The Altrincham area

The Cheshire Yeomanry

According to contemporary accounts, the Cheshire Yeomanry were to gather in Altrincham on 15 August in preparation for the next day.

On Sunday morning, the Earl of Chester’s Yeomanry Cavalry, (eight troops) are to march to Altrincham, eight miles from Manchester; and the following morning they will enter that town, and wait for further orders. The meeting is announced to take place about 12 o’clock.

- The Perthshire Courier, Thursday 12 August 1819

Sir John Fleming Leicester.jpg

Sir John Fleming Leicester. Illustration from F. Leary, The Earl of Chester's Regiment of Yeomanry Cavalry: its formation and services 1797 to 1897, (Ballantyne Press, 1897). Trafford Local Studies Collection, cat. ref. 95213260.

The Cheshire Yeomanry were headed by Sir John Fleming Leicester: a close friend of the Prince Regent.

Yeomanry troops were volunteers, although their arms and ammunition were paid for by the government. Leicester’s officers consisted of factory owners and landowners, whilst the other ranks were innkeepers, saddlers, smiths and similar tradesmen. All men needed to have the use of a horse. 

On 15 July 1819, Sir John Byng, supreme commander of Britain’s northern forces, asked Sir John Leicester to ready his troops in preparation for the reformers’ meeting (the meeting was originally planned for 2 August but was pushed back). By the time that the meeting had been pushed back again to 16 August, Sir Leicester had left the Cheshire Yeomanry in command of Lieutenant Colonel Townsend. Of the troops that Byng requested to attend, five troops were yeomanry cavalry from Altrincham and Knutsford.

They [the magistrates] have resolved to Disperse the Assembley immediately on its formation, and if the exertions of the Police are not sufficient, the Military will be called in, and act vi et armis. If any thing like resistance be offered the consequences may be truly terrific.

- The Perthshire Courier, Thursday 12 August 1819


At 9am on 16 August 1819, the Cheshire Yeomanry gathered at Sale Moor before advancing towards Manchester. This eyewitness account gives an indication of their actions on the day:


My attention was called to another movement coming from the opposite side of the meeting. A troop of soldiers, the 15th Hussars, turned round the corner of the house where we stood and galloped forwards towards the crowd. They were succeeded by the Cheshire Yeomanry, and lastly by two pieces of artillery. On the arrival of the soldiers, the special constables, the magistrates, and the soldiers set up loud shouts. This was responded to by the crowd with waving of hats. After this the soldiers galloped amongst the people creating frightful alarm and disorder. The people ran helter-skelter in every direction . . . when it had subsided a startling scene was presented. Numbers of men, women, and children were lying on the ground who had been knocked down and run over by soldiers.

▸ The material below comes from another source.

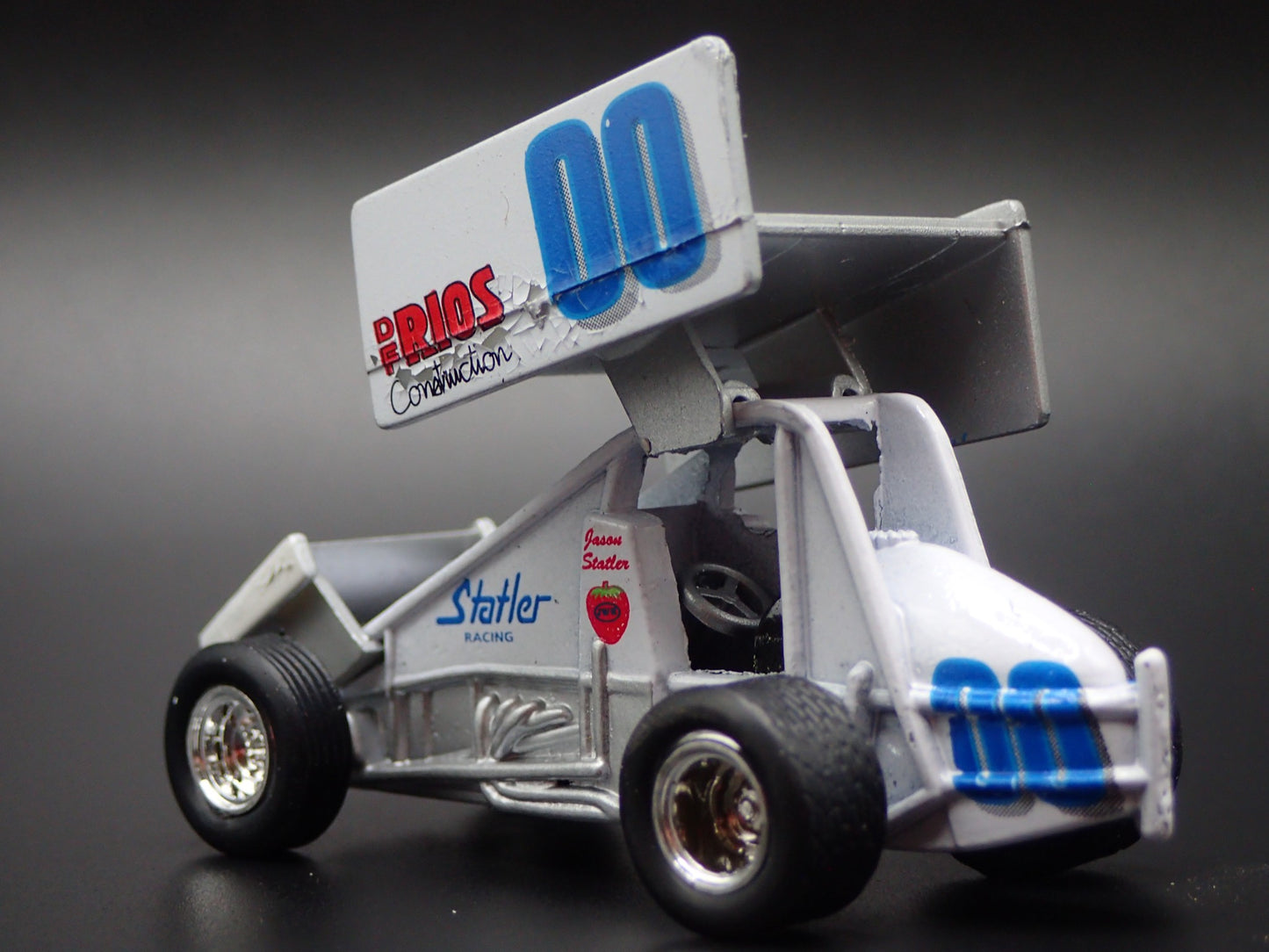 SPRINT CAR #00 JASN STATLER DF RIOS WHITE 1:64 SCALE DIORAMA DIECAST MODEL CAR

- Eye witness account of John Benjamin Smith (a local businessman and later the first Treasurer of the Anti-Corn Law Association) published in Three Accounts of Peterloo, (University of Manchester Press, 1921)


Special Constables



TP5620.jpg

The Old Market Place, Altrincham, undated. Altrincham Court House was originally located above the butter market, in what is now called the Old Market Place. Trafford Local Studies Collection, cat. ref. TP5620.

On 10 August 1819, a meeting was held in Altrincham Court House to discuss the upcoming meeting. George Harry Grey, the 6th Earl of Stamford and Warrington, acted as Chairman. At this time the Earl was the Lord Lieutenant of Cheshire and, as such, was responsible for peace and good order in the county.

Altrincham – A meeting was held here on Tuesday last, of the inhabitants of this place and neighbourhood, the Earl of Warrington in the Chair, when a Declaration was unanimously agreed to, solemnly engaging themselves collectively and individually to act as special constables when required, in preserving the peace, and also to support by every means in their power the cause of Religion, and the Government and Constitution of the kingdom.

- Public Ledger and Daily Advertiser, 17 August 1819

The Manchester Mercury published a long list of men from the parish of Bowdon who volunteered to act as Special Constables ‘to aid and assist the Civil Power in preserving the Peace of the Parish and Neighbourhood’. We do not know how many of these men were in Manchester on 16 August. The special constables that were present assisted in the arrest of the demonstrators by forming two lines, stretching from the house in which the magistrates were stationed to the hustings holding the speakers. This provided access through the crowd so that the speakers could be arrested.